Structural organization of vigilance states

Another important feature of sleep/wake regulatory circuits is maintaining the boundaries between vigilance states. A failure to maintain these boundaries could have severe consequences for survival if, for instance, a predator defense behavior were interrupted by an unexpected transition to sleep. In addition, the restorative and memory consolidation functions of sleep are dependent upon proper consolidation of sleep, as demonstrated by the deleterious effects of sleep fragmentation^43,105.

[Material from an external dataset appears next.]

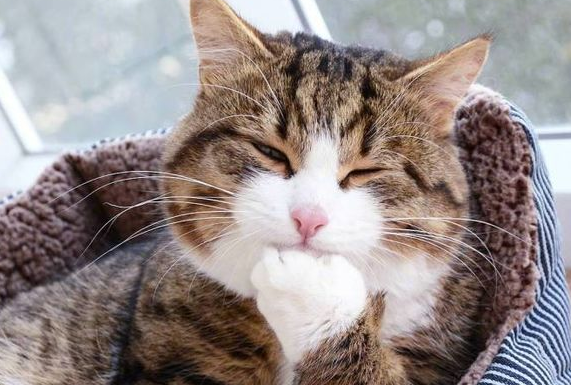 国产猫粮双11突围战：WoWo猫粮撕掉“网红”标签，凭实力破圈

The daily organization of sleep and wake periods is orchestrated by circadian, homeostatic, and motivational processes. The circadian clock (about 24 hours long) synchronizes sleep to an appropriate time of day (that is, night in diurnal animals and day in nocturnal animals). The homeostatic process is responsible for compensating sleep loss following sleep debt. In addition, environmental circumstances and internal needs, here referred to as “motivational processes”, can powerfully affect sleep/wake states.

How do regulatory circuits maintain the boundaries between the vigilance states? The hypocretin system is hypothesized to orchestrate the structural organization of sleep/wake states^84,106. The hypocretins are two neuropeptides, Hcrt-1 and Hcrt-2, produced from the pre-pro-hypocretin precursor, which are expressed solely in a glutamatergic neuronal population in the LH. Hcrt neurons project to diverse areas of the central nervous system, including to major sleep/wake nuclei, such as the LC, TMN, DRN, PPT, LDT, and VTA^62,107, that express the Hcrt receptors, Hcrt-R1 and Hcrt-R2¹⁰⁸. In vitro electrophysiology and histological studies demonstrate that Hcrt neurons are activated by neurotransmitters that promote arousal, including corticotropin-releasing factor¹⁰⁹ and thyrotropin-releasing hormone¹¹⁰, and inhibited by sleep-promoting substances, including GABA¹¹¹ and adenosine¹¹².

Hcrt LH neurons are essential for the stability of arousal and malfunction of the Hcrt network fragments sleep and wake states. The loss of Hcrt neurons, or its receptors, in rodents^113–115, canines¹¹⁶, and humans^117–119 is associated with narcolepsy with cataplexy, a neurological disorder characterized by an inability to control the boundaries between sleep/wake states. In narcoleptics, periods of wakefulness are interrupted by unexpected sleep episodes, and REM-like episodes coexist with conscious wakefulness¹²⁰. Similarly, Hcrt knockout or Hcrt-R2-deficient mice show increased arousal state–transitions but do not vary in the total daily duration of sleep and wake states from control animals. Lastly, optogenetic stimulation of Hcrt LH neurons during sleep, in rodents, increases the probability for a sleep-to-wake transition⁸⁷. Together, these findings support the premise that under physiological conditions Hcrt LH neurons are important in maintaining the boundaries between sleep/wake states.

It is also important to note that the three vigilant states are not always mutually exclusive, and different dissociated states exist in humans as well as other animals. Slow-wave sleep can occur locally in cortical areas^121–123 as well as in individual neurons while animals are behaviorally awake¹²⁴. In addition, unihemispheric slow-wave sleep (USWS) has been documented in a number of aquatic mammals¹²⁵ and birds¹²⁶. During USWS, the eye contralateral to the awake hemisphere is open and could monitor the environment. This plasticity could permit birds to defend themselves from predators or continuously fly during long migration periods and aquatic mammals to breathe or take care of their young during critical periods¹²⁶.

Conclusions and perspectives

During the last decade, major advances have been made in characterizing the neuronal populations participating in sleep/wake regulation. However, it is still unclear how the brain integrates information from diverse populations to control overt arousal. Are the different arousal populations promoting wakefulness in different ecological contexts? How does the brain prioritize arousal based on environmental circumstances and homeostatic needs? In addition, future studies should further examine the role of distinct subpopulations of GABAergic, glutamatergic, and peptidergic neurons in sleep/wake regulatory nuclei.